Action item => For the material below, the sole required output is the number of lines that include "Used".

The data =>
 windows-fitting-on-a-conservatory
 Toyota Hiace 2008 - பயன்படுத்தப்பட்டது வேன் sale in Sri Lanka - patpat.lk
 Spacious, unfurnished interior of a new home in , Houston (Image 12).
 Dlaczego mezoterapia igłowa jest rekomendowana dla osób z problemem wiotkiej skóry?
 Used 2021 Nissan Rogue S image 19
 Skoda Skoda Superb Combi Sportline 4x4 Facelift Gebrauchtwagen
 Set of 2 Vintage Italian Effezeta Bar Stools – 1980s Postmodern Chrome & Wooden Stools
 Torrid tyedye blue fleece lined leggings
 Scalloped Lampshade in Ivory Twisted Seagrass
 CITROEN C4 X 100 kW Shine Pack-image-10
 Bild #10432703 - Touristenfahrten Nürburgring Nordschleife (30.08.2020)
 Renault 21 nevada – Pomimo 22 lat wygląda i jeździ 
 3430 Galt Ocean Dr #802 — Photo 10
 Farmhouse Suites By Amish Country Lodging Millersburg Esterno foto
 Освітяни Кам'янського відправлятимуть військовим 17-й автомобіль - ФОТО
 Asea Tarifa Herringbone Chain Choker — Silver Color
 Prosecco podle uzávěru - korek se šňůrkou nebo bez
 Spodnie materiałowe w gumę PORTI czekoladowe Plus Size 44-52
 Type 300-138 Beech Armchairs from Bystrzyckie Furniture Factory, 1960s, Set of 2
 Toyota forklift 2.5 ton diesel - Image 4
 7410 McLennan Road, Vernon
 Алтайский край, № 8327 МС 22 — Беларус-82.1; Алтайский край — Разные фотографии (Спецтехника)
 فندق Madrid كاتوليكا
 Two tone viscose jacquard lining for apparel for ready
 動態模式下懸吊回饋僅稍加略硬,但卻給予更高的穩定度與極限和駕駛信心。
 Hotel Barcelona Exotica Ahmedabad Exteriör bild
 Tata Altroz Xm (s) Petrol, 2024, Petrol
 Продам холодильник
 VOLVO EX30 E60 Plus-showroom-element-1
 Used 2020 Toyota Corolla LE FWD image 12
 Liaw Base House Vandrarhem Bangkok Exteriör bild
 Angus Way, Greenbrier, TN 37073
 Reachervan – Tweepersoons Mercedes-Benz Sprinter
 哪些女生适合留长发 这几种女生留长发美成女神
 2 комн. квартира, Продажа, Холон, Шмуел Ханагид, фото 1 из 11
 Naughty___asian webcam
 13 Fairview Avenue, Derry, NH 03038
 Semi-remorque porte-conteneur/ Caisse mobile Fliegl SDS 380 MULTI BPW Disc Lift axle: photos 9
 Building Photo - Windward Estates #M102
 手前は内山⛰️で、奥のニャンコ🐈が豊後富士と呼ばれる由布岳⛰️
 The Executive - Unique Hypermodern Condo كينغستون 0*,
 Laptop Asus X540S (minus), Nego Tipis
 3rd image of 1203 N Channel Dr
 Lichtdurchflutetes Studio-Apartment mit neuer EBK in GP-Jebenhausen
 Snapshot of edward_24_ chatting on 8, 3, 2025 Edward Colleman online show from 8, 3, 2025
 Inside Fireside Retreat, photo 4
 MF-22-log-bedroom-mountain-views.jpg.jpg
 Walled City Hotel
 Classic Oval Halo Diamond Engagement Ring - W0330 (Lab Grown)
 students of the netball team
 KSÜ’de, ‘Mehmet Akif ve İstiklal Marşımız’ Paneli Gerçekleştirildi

Exercise response => 2